COTABATO CITY, September 14, 2015 – World Bank Vice President for East Asia and the Pacific Axel van Trotsenburg said the institution is committed to provide continuing support to the Mindanao peace process by financing critical projects in infrastructure, community-driven development, and social services to support job creation.
Van Trotsenburg visited the city with officials from the International Finance Corporation (IFC), the World Bank Group’s private sector investment arm, to meet with leaders of civil society groups, including women’s organizations and leaders of the Moro Islamic Liberation Front (MILF), to hear about the aspirations of a people who have suffered from decades of conflict and underdevelopment.

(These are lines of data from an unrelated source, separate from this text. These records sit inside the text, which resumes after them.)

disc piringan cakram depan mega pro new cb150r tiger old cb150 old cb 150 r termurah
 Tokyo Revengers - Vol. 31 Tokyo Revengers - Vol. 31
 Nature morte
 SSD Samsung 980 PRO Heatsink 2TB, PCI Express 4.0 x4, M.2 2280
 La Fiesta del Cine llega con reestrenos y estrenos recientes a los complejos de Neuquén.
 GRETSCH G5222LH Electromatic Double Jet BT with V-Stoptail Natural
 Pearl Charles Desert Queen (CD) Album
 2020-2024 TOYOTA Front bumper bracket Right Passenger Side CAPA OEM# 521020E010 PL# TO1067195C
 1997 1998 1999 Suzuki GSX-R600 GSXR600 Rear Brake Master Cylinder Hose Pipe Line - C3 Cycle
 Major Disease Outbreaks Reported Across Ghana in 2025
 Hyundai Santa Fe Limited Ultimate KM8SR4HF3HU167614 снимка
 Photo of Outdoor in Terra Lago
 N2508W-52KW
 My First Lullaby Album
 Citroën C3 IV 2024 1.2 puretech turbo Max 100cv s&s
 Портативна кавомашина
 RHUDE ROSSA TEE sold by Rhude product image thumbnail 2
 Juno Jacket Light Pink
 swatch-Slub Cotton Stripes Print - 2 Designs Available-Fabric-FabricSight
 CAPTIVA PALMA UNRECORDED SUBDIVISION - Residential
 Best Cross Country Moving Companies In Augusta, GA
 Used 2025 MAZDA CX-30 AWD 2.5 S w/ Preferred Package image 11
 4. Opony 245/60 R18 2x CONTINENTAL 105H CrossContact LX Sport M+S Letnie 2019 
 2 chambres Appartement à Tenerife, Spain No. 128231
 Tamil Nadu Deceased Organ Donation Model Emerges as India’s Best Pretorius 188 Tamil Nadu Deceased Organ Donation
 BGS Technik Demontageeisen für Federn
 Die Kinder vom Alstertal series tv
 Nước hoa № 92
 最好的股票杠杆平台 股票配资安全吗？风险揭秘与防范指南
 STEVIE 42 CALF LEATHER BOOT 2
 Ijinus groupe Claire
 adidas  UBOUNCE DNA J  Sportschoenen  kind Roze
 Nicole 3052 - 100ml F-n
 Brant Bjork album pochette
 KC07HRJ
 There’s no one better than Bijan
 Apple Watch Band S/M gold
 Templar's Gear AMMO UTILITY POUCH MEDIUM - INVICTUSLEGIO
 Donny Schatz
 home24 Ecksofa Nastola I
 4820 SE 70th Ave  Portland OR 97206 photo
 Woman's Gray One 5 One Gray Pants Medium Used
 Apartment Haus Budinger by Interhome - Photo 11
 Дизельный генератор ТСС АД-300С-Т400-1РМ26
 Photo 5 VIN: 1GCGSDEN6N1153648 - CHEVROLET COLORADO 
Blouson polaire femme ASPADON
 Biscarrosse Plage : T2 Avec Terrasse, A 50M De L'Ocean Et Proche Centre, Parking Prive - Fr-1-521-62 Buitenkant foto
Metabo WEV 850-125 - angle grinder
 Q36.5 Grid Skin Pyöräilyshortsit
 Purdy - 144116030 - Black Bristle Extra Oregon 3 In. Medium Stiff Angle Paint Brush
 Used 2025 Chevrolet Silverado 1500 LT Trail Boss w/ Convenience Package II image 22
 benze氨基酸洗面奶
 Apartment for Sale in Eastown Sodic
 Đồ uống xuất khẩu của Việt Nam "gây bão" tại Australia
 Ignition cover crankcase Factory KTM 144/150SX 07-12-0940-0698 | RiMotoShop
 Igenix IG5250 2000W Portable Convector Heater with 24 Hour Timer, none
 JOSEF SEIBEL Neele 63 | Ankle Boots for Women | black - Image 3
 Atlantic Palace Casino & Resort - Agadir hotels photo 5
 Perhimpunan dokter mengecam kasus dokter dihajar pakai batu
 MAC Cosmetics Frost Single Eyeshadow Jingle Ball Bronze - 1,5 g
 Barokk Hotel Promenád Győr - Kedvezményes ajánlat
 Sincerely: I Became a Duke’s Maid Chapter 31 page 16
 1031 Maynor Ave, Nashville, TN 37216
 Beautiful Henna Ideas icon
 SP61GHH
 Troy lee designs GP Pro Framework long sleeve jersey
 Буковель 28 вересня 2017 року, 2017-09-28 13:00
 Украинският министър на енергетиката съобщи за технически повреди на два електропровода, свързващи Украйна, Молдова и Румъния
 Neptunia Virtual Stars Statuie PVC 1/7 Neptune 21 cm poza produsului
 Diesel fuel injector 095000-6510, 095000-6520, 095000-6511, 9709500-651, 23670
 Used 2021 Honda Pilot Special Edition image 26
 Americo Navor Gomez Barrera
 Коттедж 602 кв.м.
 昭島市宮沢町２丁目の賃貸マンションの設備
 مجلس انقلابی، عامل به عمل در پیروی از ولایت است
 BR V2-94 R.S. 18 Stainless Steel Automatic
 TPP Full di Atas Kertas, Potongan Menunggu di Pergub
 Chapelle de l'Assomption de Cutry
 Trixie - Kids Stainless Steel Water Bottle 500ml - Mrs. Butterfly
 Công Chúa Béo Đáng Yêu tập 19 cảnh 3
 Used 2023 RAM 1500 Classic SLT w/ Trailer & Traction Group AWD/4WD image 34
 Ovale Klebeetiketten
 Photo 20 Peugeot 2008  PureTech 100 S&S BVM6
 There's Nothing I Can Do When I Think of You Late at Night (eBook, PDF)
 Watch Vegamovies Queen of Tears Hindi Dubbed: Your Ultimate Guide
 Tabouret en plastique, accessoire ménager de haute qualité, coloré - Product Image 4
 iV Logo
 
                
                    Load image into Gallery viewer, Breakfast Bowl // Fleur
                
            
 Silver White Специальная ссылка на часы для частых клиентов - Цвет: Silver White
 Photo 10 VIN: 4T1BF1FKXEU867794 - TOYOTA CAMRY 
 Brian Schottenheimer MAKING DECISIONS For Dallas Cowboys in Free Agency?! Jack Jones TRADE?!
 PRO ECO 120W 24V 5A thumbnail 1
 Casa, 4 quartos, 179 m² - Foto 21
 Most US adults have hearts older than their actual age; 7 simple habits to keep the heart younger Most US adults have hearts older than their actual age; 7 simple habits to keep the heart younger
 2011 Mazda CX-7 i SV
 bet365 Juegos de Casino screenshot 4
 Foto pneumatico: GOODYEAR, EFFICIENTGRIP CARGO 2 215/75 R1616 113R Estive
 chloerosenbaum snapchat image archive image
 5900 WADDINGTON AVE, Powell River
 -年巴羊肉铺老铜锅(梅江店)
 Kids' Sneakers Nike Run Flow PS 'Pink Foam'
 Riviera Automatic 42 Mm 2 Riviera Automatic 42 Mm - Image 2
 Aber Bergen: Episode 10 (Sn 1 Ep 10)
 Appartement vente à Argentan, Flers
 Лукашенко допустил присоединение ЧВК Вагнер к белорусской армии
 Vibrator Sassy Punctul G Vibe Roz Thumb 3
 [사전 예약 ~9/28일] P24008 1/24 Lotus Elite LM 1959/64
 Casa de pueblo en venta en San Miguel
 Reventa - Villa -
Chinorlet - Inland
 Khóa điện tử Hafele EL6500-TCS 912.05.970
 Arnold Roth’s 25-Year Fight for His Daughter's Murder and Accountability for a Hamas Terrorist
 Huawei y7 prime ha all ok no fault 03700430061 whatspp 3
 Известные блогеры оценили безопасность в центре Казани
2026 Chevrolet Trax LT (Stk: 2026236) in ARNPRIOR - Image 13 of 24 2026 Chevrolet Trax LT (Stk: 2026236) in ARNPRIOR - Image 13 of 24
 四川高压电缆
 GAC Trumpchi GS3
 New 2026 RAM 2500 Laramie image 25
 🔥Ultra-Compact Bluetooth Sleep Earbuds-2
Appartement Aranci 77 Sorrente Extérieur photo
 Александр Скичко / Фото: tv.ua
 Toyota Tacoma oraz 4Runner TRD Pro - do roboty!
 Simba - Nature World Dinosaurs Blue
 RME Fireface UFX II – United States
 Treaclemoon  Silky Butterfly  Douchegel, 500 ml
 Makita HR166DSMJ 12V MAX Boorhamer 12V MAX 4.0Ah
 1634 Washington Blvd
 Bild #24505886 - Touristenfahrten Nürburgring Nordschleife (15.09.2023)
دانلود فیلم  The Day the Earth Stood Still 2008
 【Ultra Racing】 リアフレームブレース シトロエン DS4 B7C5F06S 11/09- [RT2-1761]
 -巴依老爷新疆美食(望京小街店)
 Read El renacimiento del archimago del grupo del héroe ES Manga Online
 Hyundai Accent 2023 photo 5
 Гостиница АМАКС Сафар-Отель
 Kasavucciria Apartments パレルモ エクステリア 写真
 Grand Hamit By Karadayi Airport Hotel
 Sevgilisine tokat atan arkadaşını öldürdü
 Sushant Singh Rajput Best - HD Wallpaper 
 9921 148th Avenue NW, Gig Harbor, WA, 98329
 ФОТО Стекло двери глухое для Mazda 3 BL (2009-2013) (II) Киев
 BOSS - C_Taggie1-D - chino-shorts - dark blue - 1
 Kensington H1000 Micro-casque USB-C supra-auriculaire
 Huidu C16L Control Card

He said the Bank can contribute to areas where affected communities in the Autonomous Region in Muslim Mindanao hope for positive change in terms of improvement in maternal health, education, and infrastructure. These efforts, he said, will generate employment and provide opportunities to escape poverty.
“The Bank continues to believe in the peace process for a region that was seriously affected by conflict,” van Trotsenburg said. “We look forward to working with all parties – the government, the MILF, the private sector, local communities and development partners – in transforming the Autonomous Region in Muslim Mindanao into a region of prosperity and successful poverty reduction.”
During his visit, van Trotsenburg, along with executives of some of the country’s top companies, including the Ayala Corporation chaired by Jaime Augusto Zobel de Ayala, Meralco, PLDT, and First Agri Holdings Corp., met with the leadership of the MILF in Camp Darapanan. The event, co-organized by the Philippine Business for Social Progress, was aimed at exploring investment opportunities in the region. Van Trotsenburg reiterated how the World Bank and the IFC are eager to work closely with the private sector to facilitate investments that create new job opportunities for the conflict-affected population.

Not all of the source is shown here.